The 11301/11302 Udyan Express is an express train belonging to Indian Railways that run between Mumbai Chhatrapati Shivaji Maharaj Terminus and Bangalore in India. It operates as train number 11301 from Mumbai Chhatrapati Shivaji Maharaj Terminus to Krantivira Sangolli Rayanna railway station (Bengaluru City) and as train number 11302 in the reverse direction serving the states of Maharashtra, Karnataka & Andhra Pradesh.

It is named as the Udyan Express since Bangalore is known as the Garden City of India dotted with many Public Gardens and parks such as Lalbagh Botanical Garden, Cubbon Park etc. and various other parks almost 1 park between evey 4 roads and other large parks in every locality maintained by the BBMP and also there are private gardens. The word "Udyan" means a garden in Sanskrit, Hindi and Marathi and Kannada. The train was previously numbered as 16529/30 Udyan Express and was renumbered to 11301/11302 when the timetable for July 2013 came into effect. This train now shares its rake with the Siddheshwar Express & operational control is now with Central Railway.

This train was started in the year 1983, when the Guntakal–Bangalore (GTL–SBC) route underwent gauge conversion from metre gauge to broad gauge. Prior to this, people that desired a Mumbai–Bangalore train journey had to change trains at Guntakal and travel via Dharmavaram to Bangalore on metre gauge express trains.

Coaches

The 11301/11302 Udyan Express presently has 1 AC 1st Class, 3 AC 2 tier, 3 AC 3 tier, 12 Sleeper Class & 3 General Unreserved coaches.

As with most train services in India, coach composition may be amended at the discretion of Indian Railways depending on demand.

From 24 November 2019, 11301 Udyan Express received LHB coach starting from Mumbai.

Service

The 11301 Udyan Express covers the distance of 1153 kilometres in 24 hours 55 mins (46.59 km/hr) & in 23 hours 55 mins as 11302 Udyan Express (48.21 km/hr).

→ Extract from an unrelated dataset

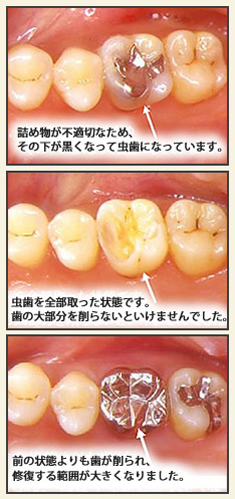 虫歯の治療について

As the average speed of the train is below 55 km/hr, its fare does not include a Superfast surcharge.

Once the train leaves Maharashtra & crosses into Karnataka, crosses into Andhra Pradesh and re-enters Karnataka again after crossing Hindupur.

The Udyan Express covers the scenic Sahyadri mountain ranges between  and , which are also known as the Bhor Ghat during the day in both directions.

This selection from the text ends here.